Un autre aspect de ce qui est souvent considéré comme un échec de la stimuation concerne la dissociation entre le taux d'oestradiol plasmatique et la croissance des follicules. Il est, en effet, des situations où les taux hormonaux sont anormalement bas par rapport à l'évolution folliculaire à l'échographie. Selon la classique théorie bicellulaire, cette dissociation est classiquement attribuée à une carence relative en LH.

Une telle observation a été rapportée avec les protocoles utilisant conjointement les agonistes du GnRH et la FSH durant la période de stimulation. Son incidence est probablement plus grande avec l'usage des agonistes du GnRH à libération prolongée car la déplétion en LH est plus profonde. Certains (Westergard et al. ; Fleming et al.) ont considéré qu' une telle carence relative en LH était délétère au succès du cycle, voire favoriserait les fausses couches précoces. Cependant, aucune valeur seuil minimale de LH n'a pu être déterminée (Balasch et al., 2002). De ce fait, il est bien difficile de dire quelle proportion de patientes se trouve dans une telle situation. Le recours plus récent aux antagonistes du GnRH a accentué le nombre de cas où la décroissance brutale en LH endogène induit une chute simultanée de l'oestradiol alors que la croissance folliculaire ne semble pas affectée. Il est cependant improbable qu'une telle décroissance de la LH et de l'oestradiol ait un effet néfaste sur le complexe cumulo-ovocytaire car l'addition de LH exogène qui permet de restaurer des taux adéquats d'oestradiol ne modifie pas le pronostic du cycle (Cedrin-Durnerin et al, 2003).
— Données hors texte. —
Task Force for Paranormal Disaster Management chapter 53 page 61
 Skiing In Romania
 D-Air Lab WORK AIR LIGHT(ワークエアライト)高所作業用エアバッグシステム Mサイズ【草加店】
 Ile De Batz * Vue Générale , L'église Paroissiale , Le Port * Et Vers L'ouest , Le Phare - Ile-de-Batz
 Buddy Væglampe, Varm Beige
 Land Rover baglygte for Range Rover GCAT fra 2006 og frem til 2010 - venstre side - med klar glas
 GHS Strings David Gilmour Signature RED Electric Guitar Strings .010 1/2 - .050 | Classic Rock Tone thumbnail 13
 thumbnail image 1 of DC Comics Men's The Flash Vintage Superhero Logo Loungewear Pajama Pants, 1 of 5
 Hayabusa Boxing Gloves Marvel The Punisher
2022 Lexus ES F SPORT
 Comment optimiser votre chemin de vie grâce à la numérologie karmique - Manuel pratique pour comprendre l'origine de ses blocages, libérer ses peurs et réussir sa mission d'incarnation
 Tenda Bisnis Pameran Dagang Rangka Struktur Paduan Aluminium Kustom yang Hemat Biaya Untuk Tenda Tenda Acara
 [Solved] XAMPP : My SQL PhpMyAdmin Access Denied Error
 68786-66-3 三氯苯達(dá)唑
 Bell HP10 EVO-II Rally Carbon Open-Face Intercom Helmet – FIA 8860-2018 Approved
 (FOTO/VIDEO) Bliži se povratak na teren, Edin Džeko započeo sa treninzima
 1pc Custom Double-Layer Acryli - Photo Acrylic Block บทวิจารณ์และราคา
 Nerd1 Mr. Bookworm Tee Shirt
Pour conclure, les échecs de stimulation les plus évidents concernent le recrutement d'un nombre insuffisant de follicules là où l'objectif était d'en obtenir un grand nombre. S'ils relèvent d'une insuffisance ovarienne notoire, les solutions thérapeutiques sont minces. En l'absence d'insuffisance ovarienne dépistable, le pronostic est partiellement lié ä l'age: les patientes les plus jeunes dont la faible réponse ovarienne est probablement le fait d'un seuil de sensibilité à la FSH plus élevé, gardent un bon pronostic de grossesse et le cycle ne doit pas être annulé. A l'inverse, chez les moins jeunes, le pronostic paraît être affecté par la plus faible qualité ovocytaire. La problématique des dissociations entre les taux plasmatiques d'oestradiol et la croissance folliculaire est plus complexe. Si le rôle de la carence relative en LH est naturellement mis en exergue, il faut parallèlement évoquer l'impact d'autres facteurs intra-ovariens qui potentialisent l'effet de la LH tels que les facteurs de croissance et l'insuline. Ainsi, la dissociation hormono-folliculaire pose principalement la question de l'intèrêt de l'addition de LH aux gonadotrophines de type FSH utilisées pour stimuler la folliculogénèse. Cette question n'est pas à ce jour clairement tranchée.